SECURITIES AND EXCHANGE COMMISSION

Washington, D.C. 20549

 

 

FORM 8-K

 

 

CURRENT REPORT

PURSUANT TO SECTION 13 OR 15(d) OF THE

SECURITIES EXCHANGE ACT OF 1934

Date of Report (Date of earliest event reported): May 30, 2013

 

 

O’DONNELL STRATEGIC INDUSTRIAL REIT, INC.

(Exact Name of Registrant as Specified in Its Charter)

 

 

 

Maryland   333-170173   27-3648243

(State or other jurisdiction of incorporation

or organization)

  (Commission File Number)  

(I.R.S. Employer

Identification No.)

3 San Joaquin Plaza, Suite 160

New Port Beach, California 92660

(Address of principal executive offices)

(949) 718-9898

(Registrant’s telephone number, including area code)

N/A

(Former name or former address, if changed since last report)

 

 

Check the appropriate box below if the Form 8-K filing is intended to simultaneously satisfy the filing obligation of the registrant under any of the following provisions:

¨ Written communications pursuant to Rule 425 under the Securities Act (17 CFR 230.425)

¨ Soliciting material pursuant to Rule 14a-12 under the Exchange Act (17 CFR 240.14a-12)

¨ Pre-commencement communications pursuant to Rule 14d-2(b) under the Exchange Act (17 CFR 240.14d-2(b))

¨ Pre-commencement communications pursuant to Rule 13e-4(c) under the Exchange Act (17 CFR 240.13e-4(c))

 

 

 


Item 5.02 Departure of Directors or Certain Officers, Election of Directors, Appointment of Certain Officers, Compensatory Arrangements of Certain Officers.

(b) Christopher S. Cameron resigned from his position as Chief Financial Officer, Treasurer and Secretary of O’Donnell Strategic Industrial REIT, Inc. (the “Company”) effective as of May 31, 2013.

(c) On May 30, 2013, the board of directors of the Company appointed Douglas D. O’Donnell as Chief Financial Officer, Treasurer and Secretary of the Company.

The information regarding Mr. O’Donnell that is required by Item 401(b), (d) and (e) of Regulation S-K was disclosed in the Company’s proxy statement filed with the Securities and Exchange Commission on April 29, 2013, and is incorporated herein by reference.

The information regarding transactions or proposed transactions between the Company and Mr. O’Donnell that is required by Item 404(a) of Regulation S-K was disclosed in the Company’s proxy statement filed with the Securities and Exchange Commission on April 29, 2013, and is incorporated herein by reference.

There are no arrangements or understandings between Mr. O’Donnell and any other persons pursuant to which Mr. O’Donnell was appointed as Chief Financial Officer of the Company.

 

Item 5.07 Submission of Matters to a Vote of Security Holders

The Company held its 2013 Annual Meeting of Stockholders on May 30, 2013. All nominees standing for election as directors were elected to serve until the 2014 Annual Meeting of Stockholders and until their successors are duly elected and qualify.

The voting results for each of the seven persons nominated were as follows:

 

Nominee

  Votes For   Votes Withheld

Douglas D. O’Donnell

  237,742   0

John D. O’Donnell

  237,742   0

Arthur J. Hill

  237,742   0

John R. Houten

  237,742   0

Aria Mehrabi

  237,742   0

Gary Pickett

  237,742   0

John L. Privett

  237,742   0

No broker non-votes were cast in the election of directors.

The Company also held a vote to amend the Company’s charter.

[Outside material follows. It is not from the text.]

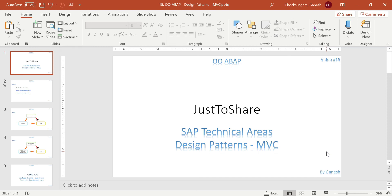Hello friends, this is Ganesh and this is video number 15 on object-oriented ABAP, coming under design patterns. The last video explained what a design pattern is and covered the singleton pattern. The next one is MVC — Model View Controller. MVC is not only a design pattern; we normally consider it an architectural pattern. If you want to architect any product or project properly with object-oriented concepts, people prefer MVC.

The voting results in favor of amending the charter were as follows:

Amending the Charter received 237,742 votes for and no votes withheld.

No other proposals were submitted to a vote of the Company’s stockholders at the 2013 Annual Meeting of Stockholders.


Item 8.01 Other Events.

The Company filed a Registration Statement on Form S-11 (Commission File No. 333-170173) (the “Registration Statement”) which was declared effective by the Securities and Exchange Commission on August 15, 2011, pursuant to which the Registrant registered 110,526,316 shares of common stock.

The Company terminated the offering of the shares covered by the Registration Statement effective as of the close of business on May 30, 2013 and deregistered the remaining 110,286,203 shares which were previously registered under the Registration Statement and remained unsold as of the close of business May 30, 2013.


SIGNATURE

Pursuant to the requirements of the Securities Exchange Act of 1934, the registrant has duly caused this report to be signed on its behalf by the undersigned hereunto duly authorized.

 

    O’Donnell Strategic Industrial REIT, Inc.